**What you will do**
From the data below, copy exactly the lines that lie between the one holding "清潔感あふれるシステムキッチ" and the one holding "Нови черни велурени боти", including both, and nothing more.

**Source information**
=== Begin Enclosure ===

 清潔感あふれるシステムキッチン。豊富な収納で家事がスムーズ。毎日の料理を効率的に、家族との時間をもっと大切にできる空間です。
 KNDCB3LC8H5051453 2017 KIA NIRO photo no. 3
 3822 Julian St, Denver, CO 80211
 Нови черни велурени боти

=== End Enclosure ===
=== Begin Enclosure ===

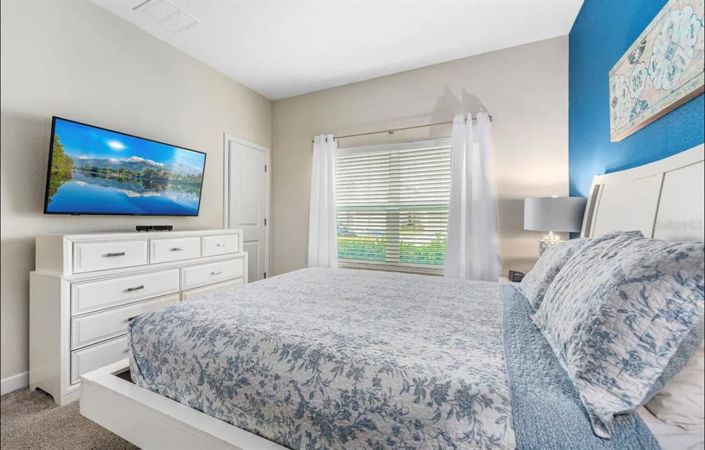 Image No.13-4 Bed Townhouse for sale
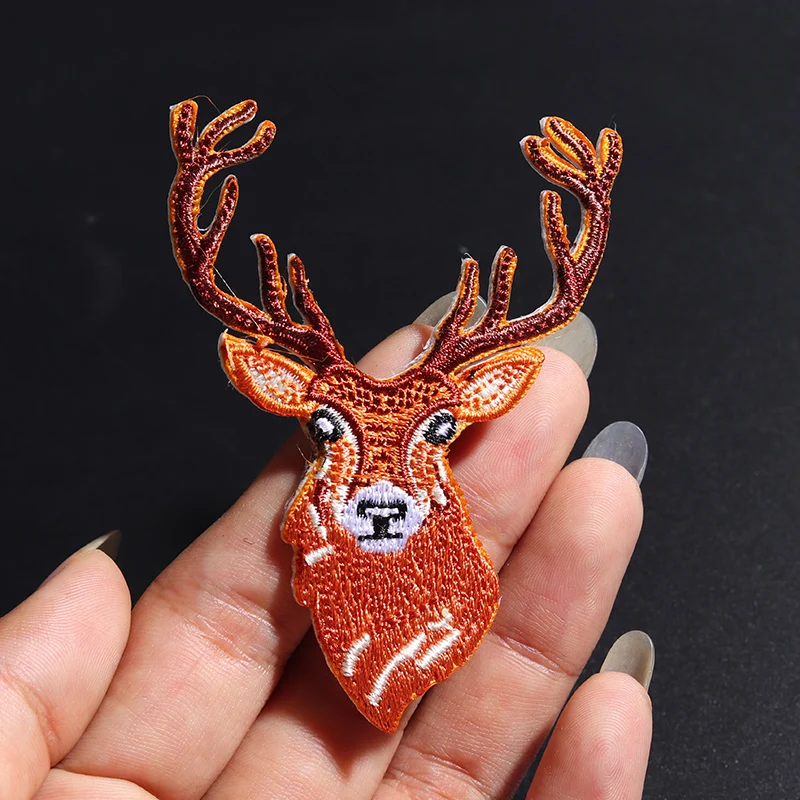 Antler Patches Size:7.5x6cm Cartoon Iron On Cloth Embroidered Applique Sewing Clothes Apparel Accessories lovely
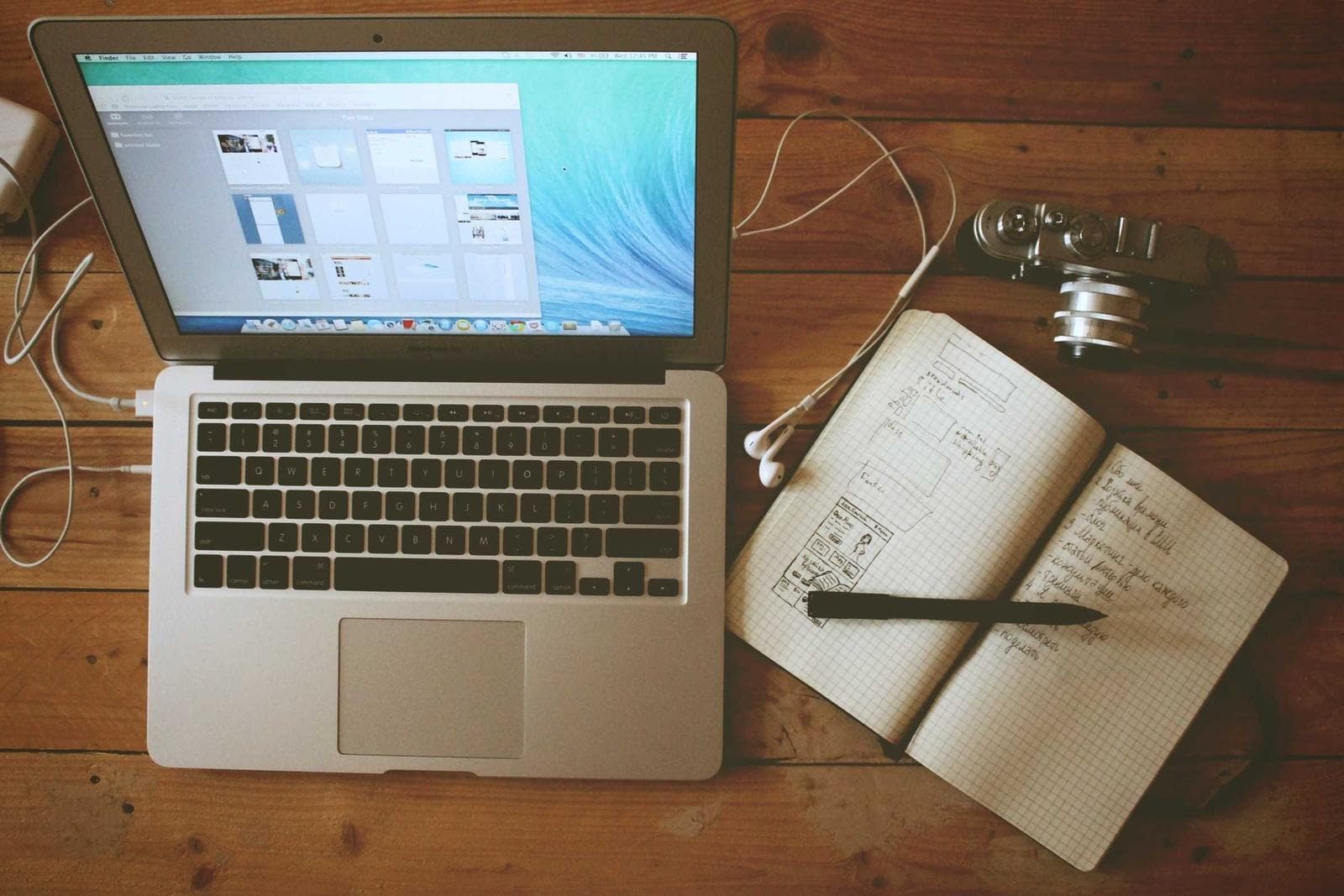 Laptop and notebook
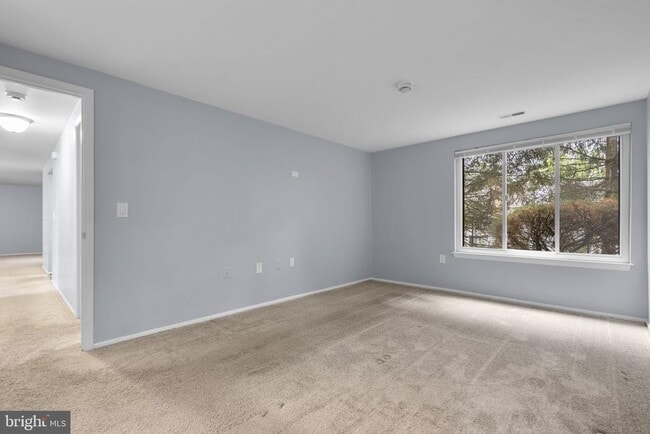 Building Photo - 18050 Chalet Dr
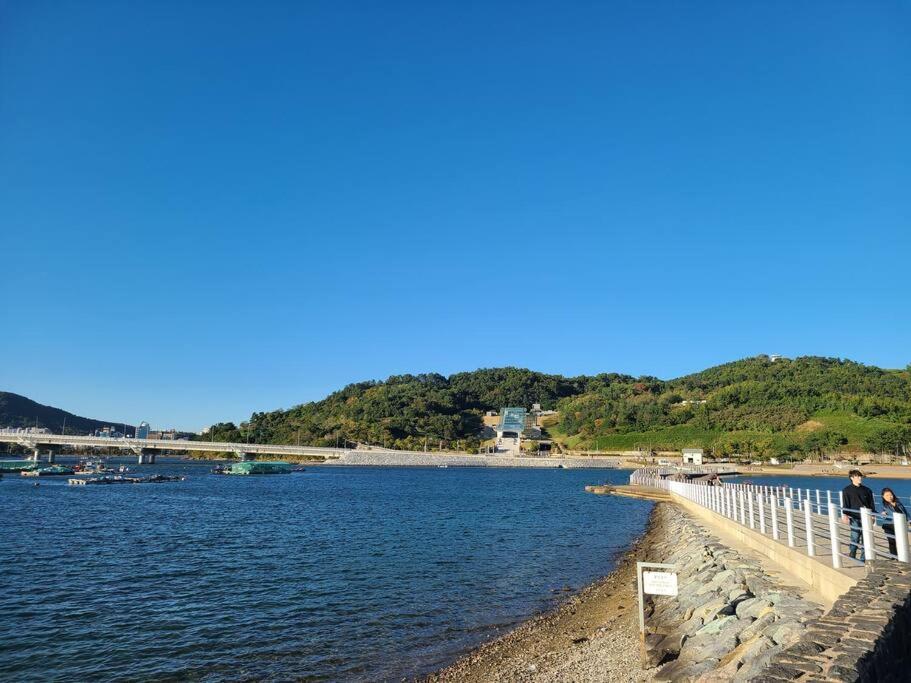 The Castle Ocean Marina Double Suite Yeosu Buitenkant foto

=== End Enclosure ===

**The completed task**
 清潔感あふれるシステムキッチン。豊富な収納で家事がスムーズ。毎日の料理を効率的に、家族との時間をもっと大切にできる空間です。
 KNDCB3LC8H5051453 2017 KIA NIRO photo no. 3
 3822 Julian St, Denver, CO 80211
 Нови черни велурени боти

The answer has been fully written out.